Esto nos lo recuerda el propio Cristo en su evangelio: “Os aseguro que cada vez que no lo hicisteis con uno de éstos, los humildes, tampoco lo hicisteis conmigo». Y, también, san Juan, en su primera carta, lo formula de modo parecido: “Pues el que no ama a su hermano a quien ve; ¿cómo puede amar a Dios a quien no ve?” Vamos, que no tenemos escapatoria.
En el Evangelio de hoy, Pedro es quien quiere saber cuántas veces tenemos que perdonar, es Pedro quien se atreve a hacerle a Cristo esa pregunta que todos nos formulamos en algún momento de nuestro día ante la conducta de los demás con nosotros.
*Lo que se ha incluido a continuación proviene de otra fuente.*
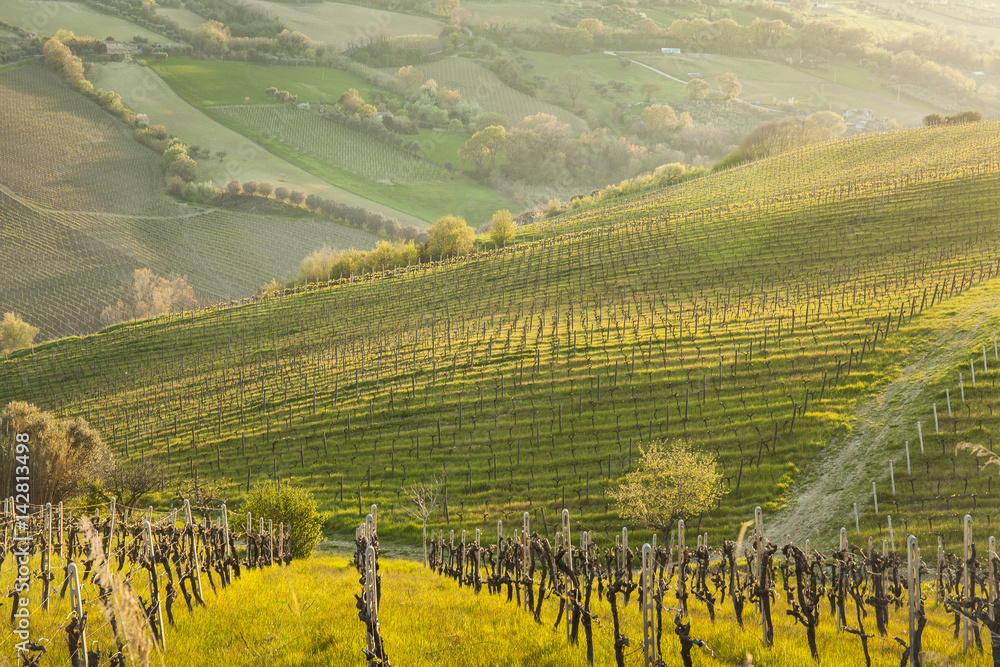 Vineyard landscape in the sunset light.  Italy cultivation in spring season . Flare light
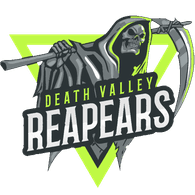DVR- emblem
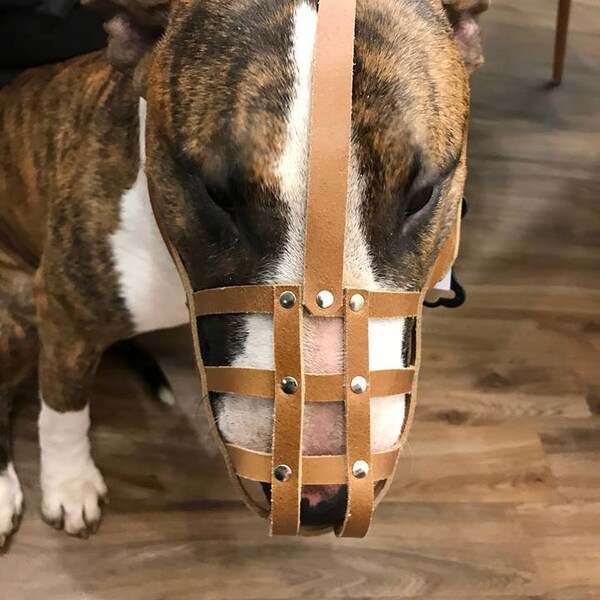 Strong Leather Dog Muzzle | English Bull Terrier and other similar snouts | Natural Leather, Metal Rivets, Quick Release Buckle, Adjustable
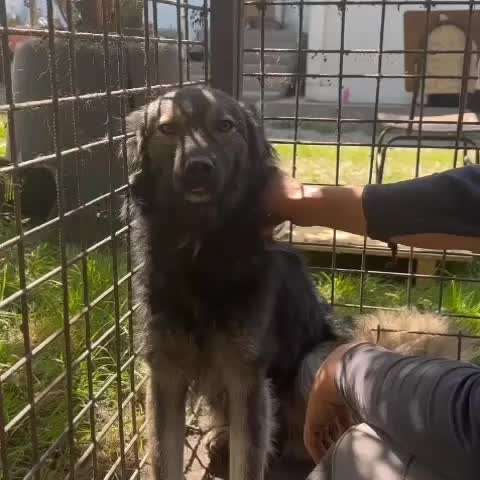 Tierschutzhunde suchen ein Zuhause-Beitrag-Bild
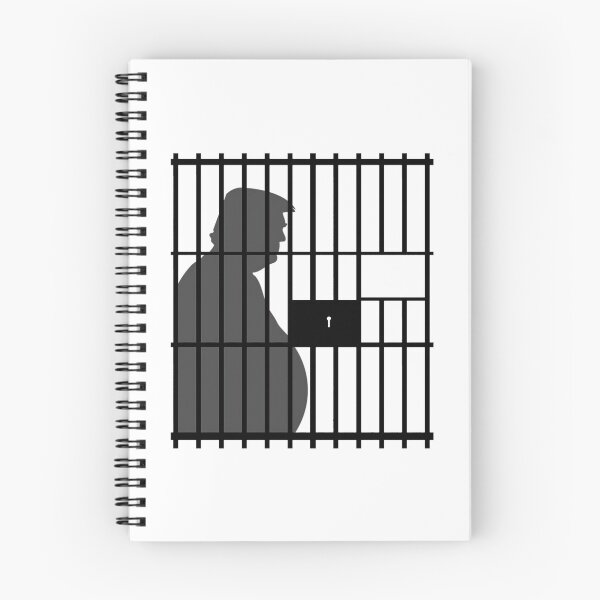 Item preview, Trump Lost Lock Him Up Traitor For Prison designed and sold by Anja Gillette.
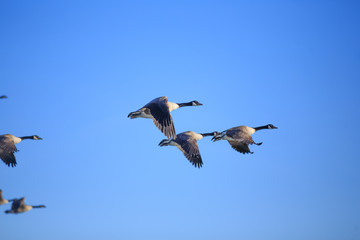 Fliegende Gänse 06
Y Jesús le da una respuesta taxativa que no deja lugar a interpretación: “hasta setenta veces siete”, esto es, EL PERDÓN NO TIENE LÍMITES. No podemos olvidar que si no perdonamos a los que no rodean no queremos verdaderamente a Dios, si no amamos a los que nos rodean, no amamos sobre todas las cosas a Dios, no es sólo incompatible sino altamente contradictorio. Así que, pregúntate: ¿perdono a los que me hacen daño? ¿Soy capaz de desviar la atención siempre de mí mismo y sentirme ultrajado, traicionado o mal tratado siempre por los demás?
El perdón comienza cuando somos capaces de no fijar la atención en lo que los demás llevan a cabo con nosotros. La experiencia nos dice que cuesta mucho perdonar cuando la herida de la ofensa está viva y la cultivamos en nuestro interior. Miremos a Jesús. Él, en su comportamiento, lo demostró múltiples veces. El gesto máximo de perdón lo manifestó en la cruz pidiendo a Dios que perdonase a sus ejecutores. Eso mismo espera Él de nosotros. Tenemos que desterrar de nuestras vidas expresiones del tipo: “perdono, pero no olvido”, “soy bueno, pero no tonto”, “siempre tengo que ser yo quien dé mi brazo a torcer”. Perdonar es que el otro me encuentre cuando me necesite, que yo sea capaz de dar la vida por él, de ayudarle sin tener en cuenta el daño que me haya podido o no hacer. Es cierto, hay veces que las relaciones no vuelven a ser igual. Que ya no quedamos a tomar café con esa persona o que la amistad y la confianza no es tan fuerte como antes, poco a poco, si ejercitamos el perdón volverá a ser como siempre, ya lo verás. Pero lo importante no es quedar a tomar café, lo importante es que cuando ese hermano nuestro que nos hizo daño, cuando nos necesite, nos encuentre tan dispuestos a ayudarle como antes de la ofensa. Que cuando nos juntemos con ellos, seamos capaces de no sacar esos rencores que humanamente nos cuesta tanto desterrar de nuestro corazón. Así, poco a poco, llegaremos a ser capaces de dar nuestra vida por las necesidades de los demás, incluso, de los que nos han hecho algún mal. Así, poco a poco, estaremos en el buen camino de amar a Dios sobre todas las cosas. Pregúntate: ¿qué significan nuestros gestos de perdón, a veces por nimiedades, ante ese gesto de Jesús en la cruz?
RECUERDA:
1.- ¿Me siento querido, amado y perdonado por Dios?
2.- ¿Transmito ese perdón siempre a los demás? ¿Hasta setenta veces siete?
3.- ¿Qué debo mejorar en mi vida para vivir plenamente el perdón de Dios y el perdonar siempre y sin límites a los demás?
¡Ayúdame, Señor, a ser testigo de tu misericordia y de la reconciliación en la densidad de lo humano!